Mise à jour du 7 Novembre 2021

L’accusé était arrivé libre au tribunal, même s’il était sous contrôle judiciaire ; il en est reparti les menottes aux poignets, ses sanglots faisant écho aux pleurs de soulagement de la victime et de ses amis, plus de 6 ans après les faits évoqués lors de l’audience.
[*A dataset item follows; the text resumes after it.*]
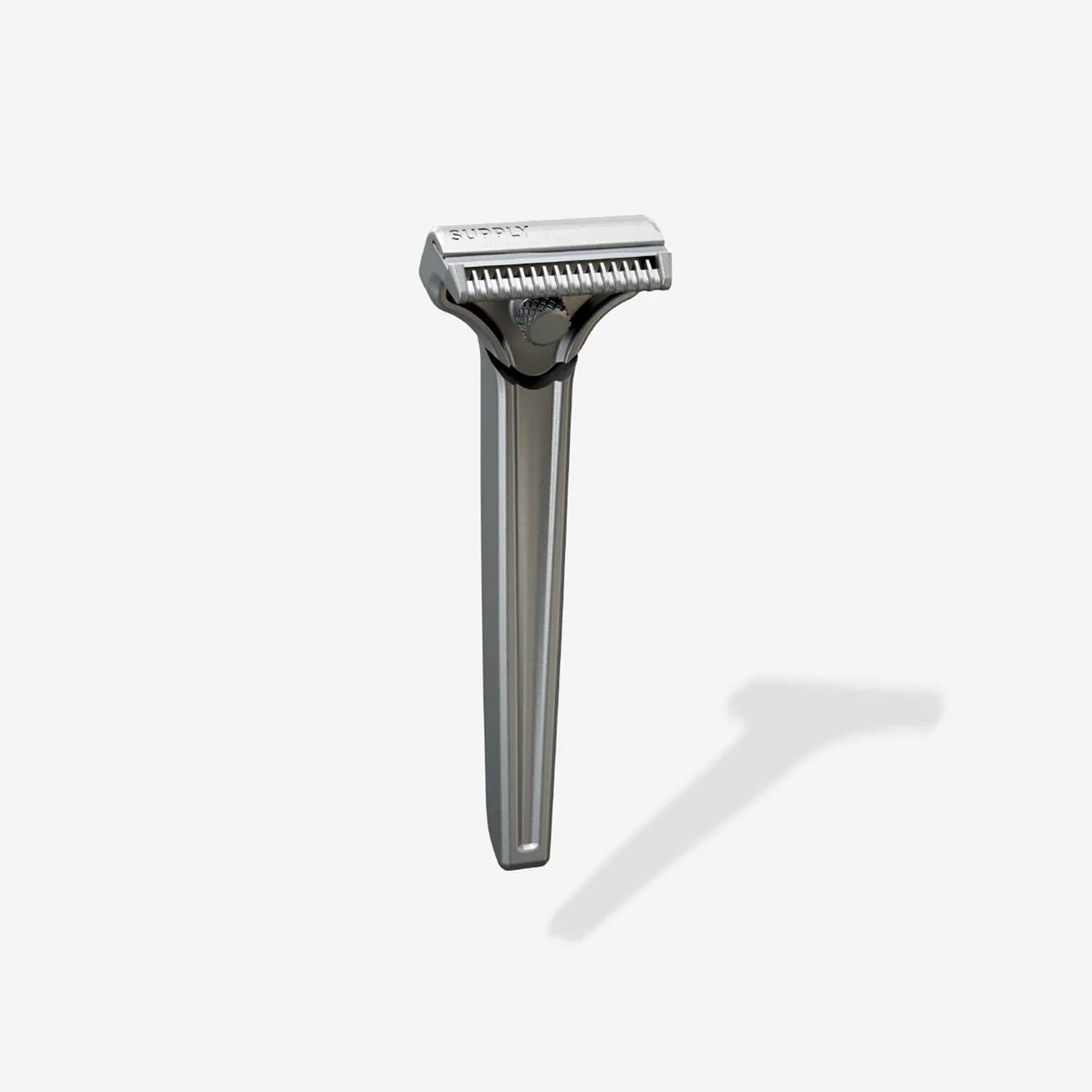 Silver safety razor with a shadow on a light background.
L’homme était accusé d’avoir violé un jeune homme âgé de 16 ans à l’époque, en forêt de Blois, en avril 2015.

Après une première journée d’audience, le deuxième jour de procès a débuté par l’audition de Cendrine Peris, experte psychologue, venue donner les conclusions du rendez-vous qu’elle avait eu avec la victime peu après son dépôt de plainte, en octobre 2015. Elle a parlé d’un individu

« qui a besoin d’être avenant, pour mieux masquer des éléments dépressifs »,

notant un

« stress post-traumatique majeur et ancré ».

Des doutes soulevés par la défense

Une des amies de la victime a également témoigné, indiquant s’en vouloir

« de ne pas avoir remarqué à quel point ça n’allait pas »,

parlant de la période qui vient de s’écouler pour son ami comme une

« parenthèse de six ans de sa vie »

à l’issue de laquelle

« il doit se reconstruire ».

La présidente Aude Cristau a alors tenté à nouveau d’obtenir des déclarations de l’accusé. Mais comme la veille, la confusion l’a emporté, l’homme ne comprenant pas les questions, semblant répondre « oui » ou « non » au hasard, même quand on lui posait des questions ouvertes.

Pour le ministère public, l’avocate générale Chantal Moulin-Bernard a justifié le délai entre le viol subi et la plainte déposée par la victime, indiquant que dans la majeure partie des cas dans ces affaires-là,

« les dénonciations sont souvent indirectes et tardives, avec des personnes qui font état de haine et de dégoût ».

Considérant disposer d’un « faisceau d’indices concordants », tout en soulignant que le discernement « est certes altéré mais pas aboli », elle a requis une peine mixte « afin qu’il prenne conscience de ses actes ».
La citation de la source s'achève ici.